▶ [Task details]:
Among the lines of the records, please find those that contain the word "Cover" and copy them.

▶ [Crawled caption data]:
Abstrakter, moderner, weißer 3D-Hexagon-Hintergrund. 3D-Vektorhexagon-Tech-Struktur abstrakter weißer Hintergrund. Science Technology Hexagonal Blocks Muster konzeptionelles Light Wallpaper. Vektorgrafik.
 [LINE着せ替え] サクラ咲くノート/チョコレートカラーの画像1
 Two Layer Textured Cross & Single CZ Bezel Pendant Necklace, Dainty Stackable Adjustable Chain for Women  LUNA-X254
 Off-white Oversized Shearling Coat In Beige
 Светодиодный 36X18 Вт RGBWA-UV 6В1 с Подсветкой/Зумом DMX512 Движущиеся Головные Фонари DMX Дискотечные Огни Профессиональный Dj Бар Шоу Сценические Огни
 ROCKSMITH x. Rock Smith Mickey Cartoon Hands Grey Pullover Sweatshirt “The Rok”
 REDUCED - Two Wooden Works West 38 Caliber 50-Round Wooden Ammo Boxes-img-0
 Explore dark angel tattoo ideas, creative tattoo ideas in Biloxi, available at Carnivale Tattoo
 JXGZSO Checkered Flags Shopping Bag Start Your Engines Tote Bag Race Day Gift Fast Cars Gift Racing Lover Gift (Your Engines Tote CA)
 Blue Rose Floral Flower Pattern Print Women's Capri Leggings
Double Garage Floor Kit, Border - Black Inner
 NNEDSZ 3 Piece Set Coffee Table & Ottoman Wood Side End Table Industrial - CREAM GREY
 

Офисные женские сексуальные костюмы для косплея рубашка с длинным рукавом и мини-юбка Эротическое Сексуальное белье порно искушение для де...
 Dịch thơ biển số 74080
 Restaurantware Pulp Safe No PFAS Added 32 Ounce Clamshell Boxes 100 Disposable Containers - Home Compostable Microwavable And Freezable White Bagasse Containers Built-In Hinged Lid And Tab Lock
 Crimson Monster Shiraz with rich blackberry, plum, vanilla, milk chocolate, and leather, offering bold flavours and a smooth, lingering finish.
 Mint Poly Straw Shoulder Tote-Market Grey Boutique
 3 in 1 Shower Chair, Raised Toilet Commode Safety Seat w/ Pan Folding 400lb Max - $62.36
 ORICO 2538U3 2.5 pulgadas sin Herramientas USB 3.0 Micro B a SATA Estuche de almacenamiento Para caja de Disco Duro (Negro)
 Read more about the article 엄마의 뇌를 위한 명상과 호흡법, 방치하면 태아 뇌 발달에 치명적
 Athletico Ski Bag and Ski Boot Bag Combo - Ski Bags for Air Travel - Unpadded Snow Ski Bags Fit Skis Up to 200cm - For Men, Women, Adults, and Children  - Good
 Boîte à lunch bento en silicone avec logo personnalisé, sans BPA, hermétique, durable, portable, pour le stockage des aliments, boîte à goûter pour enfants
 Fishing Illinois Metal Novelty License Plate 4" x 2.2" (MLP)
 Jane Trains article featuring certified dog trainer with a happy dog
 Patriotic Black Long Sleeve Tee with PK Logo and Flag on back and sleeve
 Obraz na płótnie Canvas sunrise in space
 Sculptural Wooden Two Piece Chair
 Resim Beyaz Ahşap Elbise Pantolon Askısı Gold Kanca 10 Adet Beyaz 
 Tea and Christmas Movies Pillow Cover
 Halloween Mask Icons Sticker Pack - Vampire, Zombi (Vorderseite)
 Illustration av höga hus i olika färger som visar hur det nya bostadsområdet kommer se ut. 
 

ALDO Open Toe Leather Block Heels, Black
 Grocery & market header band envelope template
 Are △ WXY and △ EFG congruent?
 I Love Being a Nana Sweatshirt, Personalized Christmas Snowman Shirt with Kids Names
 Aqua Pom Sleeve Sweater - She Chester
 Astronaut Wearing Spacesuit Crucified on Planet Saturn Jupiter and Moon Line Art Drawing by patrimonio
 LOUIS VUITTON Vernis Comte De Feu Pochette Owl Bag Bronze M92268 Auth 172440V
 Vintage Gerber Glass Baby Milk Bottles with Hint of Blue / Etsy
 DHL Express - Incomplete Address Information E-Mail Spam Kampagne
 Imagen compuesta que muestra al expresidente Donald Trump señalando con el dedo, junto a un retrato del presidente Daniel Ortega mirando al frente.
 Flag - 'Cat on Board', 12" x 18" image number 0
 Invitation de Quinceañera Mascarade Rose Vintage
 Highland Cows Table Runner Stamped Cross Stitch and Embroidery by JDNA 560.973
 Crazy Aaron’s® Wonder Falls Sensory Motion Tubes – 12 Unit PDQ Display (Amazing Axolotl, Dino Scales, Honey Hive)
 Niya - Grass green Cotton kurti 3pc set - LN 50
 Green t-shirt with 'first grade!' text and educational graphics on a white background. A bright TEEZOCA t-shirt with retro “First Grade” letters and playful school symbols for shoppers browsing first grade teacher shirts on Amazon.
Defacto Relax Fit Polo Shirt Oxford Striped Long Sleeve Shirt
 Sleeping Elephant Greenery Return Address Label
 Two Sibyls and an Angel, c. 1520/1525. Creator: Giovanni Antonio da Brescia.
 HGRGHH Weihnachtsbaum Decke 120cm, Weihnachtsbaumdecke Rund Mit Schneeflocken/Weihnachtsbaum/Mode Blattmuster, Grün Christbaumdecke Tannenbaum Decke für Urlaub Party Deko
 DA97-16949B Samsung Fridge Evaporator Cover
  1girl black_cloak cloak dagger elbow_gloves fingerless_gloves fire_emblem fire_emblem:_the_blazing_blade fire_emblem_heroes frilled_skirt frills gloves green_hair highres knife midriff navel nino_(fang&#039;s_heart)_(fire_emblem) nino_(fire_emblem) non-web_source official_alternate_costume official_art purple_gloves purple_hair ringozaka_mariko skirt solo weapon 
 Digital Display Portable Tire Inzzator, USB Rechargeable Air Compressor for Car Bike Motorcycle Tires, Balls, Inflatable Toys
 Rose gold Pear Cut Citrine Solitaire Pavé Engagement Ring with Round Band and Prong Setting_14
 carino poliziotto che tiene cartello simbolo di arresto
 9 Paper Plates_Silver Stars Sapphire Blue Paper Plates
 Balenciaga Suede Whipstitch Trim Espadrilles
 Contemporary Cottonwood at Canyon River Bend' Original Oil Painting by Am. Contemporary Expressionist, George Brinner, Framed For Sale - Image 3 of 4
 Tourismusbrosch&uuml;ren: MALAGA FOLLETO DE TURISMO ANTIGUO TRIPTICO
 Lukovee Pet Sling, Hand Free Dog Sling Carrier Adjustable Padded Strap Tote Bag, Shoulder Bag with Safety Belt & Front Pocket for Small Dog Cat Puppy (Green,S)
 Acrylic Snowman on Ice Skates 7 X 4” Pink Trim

▶ [Expected output]:
 Tea and Christmas Movies Pillow Cover
 DA97-16949B Samsung Fridge Evaporator Cover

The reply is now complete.